Cook1 hr 45 mins
There looks like a lot of ingredients but most of them are common spices. Serve this Indian spiced bird with basmati rice, spicy roasted potatoes and some greens or an Indian-style coleslaw for an alternative roast dinner. Please add on an hour for marinating time. This recipe is by Sarah Cook. Enjoy!
- 4 lbs whole chickens
- 2 onions, thickly sliced
- 1 lemon, halved
- 3 inches piece ginger, cut in half and peeled
- 14 ounces coconut milk
- 1 small bunch cilantro, roughly chopped (or parsley)
- 1⁄4 cup plain yogurt
- 1 tablespoon plain yogurt
- 1 tablespoon tomato paste
- juice 1 lemon
- 1 teaspoon chili powder
- 1 teaspoon turmeric
- 1 teaspoon ground coriander
- 1 teaspoon ground cumin
- 1 teaspoon garam masala
- 1 teaspoon ground cinnamon
- 6 garlic cloves, whizzed to a paste with the ginger or finely minced
- 2 inches ginger, whizzed to a paste with the garlic or finely minced
- 4 -6 drops red food coloring (optional)
- Mix the marinade ingredients.

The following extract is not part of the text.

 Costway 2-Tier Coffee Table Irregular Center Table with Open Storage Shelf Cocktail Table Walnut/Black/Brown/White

Slash the legs of the chicken a few times, then rub the marinade all over, including under the skin of the breast. Marinate in the fridge for up to 24 hours.
- Heat oven to 400°F Put the onions, lemon halves and ginger in a roasting pan. Sit the chicken on top and roast for 1½ hrs or until the thigh juices run clear when tested with a skewer.

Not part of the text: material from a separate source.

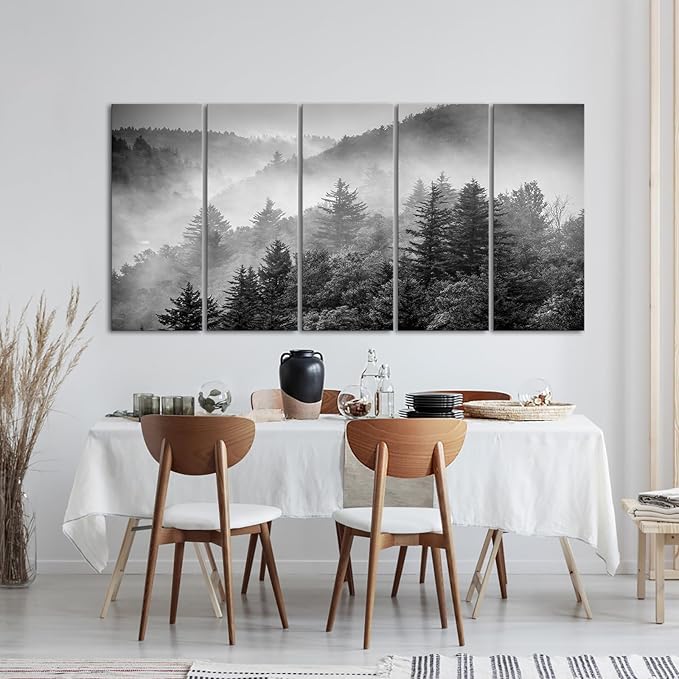 iKNOW FOTO 5-Piece X-Large Canvas Wall Art Set Black and White Misty Forest & - Image 3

- When the chicken is done, lift out of the pan, sit in a new dish, cover loosely with foil and leave to rest.
- Take out the ginger from the pan and discard. Scrape out the roasted middles from the lemons into a food processor, add the onions and any pan juices, and whizz to a purée. Scrape the purée back into the roasting pan (or in a saucepan if your pan can't go on the stove - be sure to scrape out every little bit that is in the pan!) and heat over medium heat. Stir in the coconut milk and bubble gently, scraping up any chicken bits that have stuck. You can add a splash of water if the sauce is too thick.
- Stir in the cilantro and serve sauce with the chicken.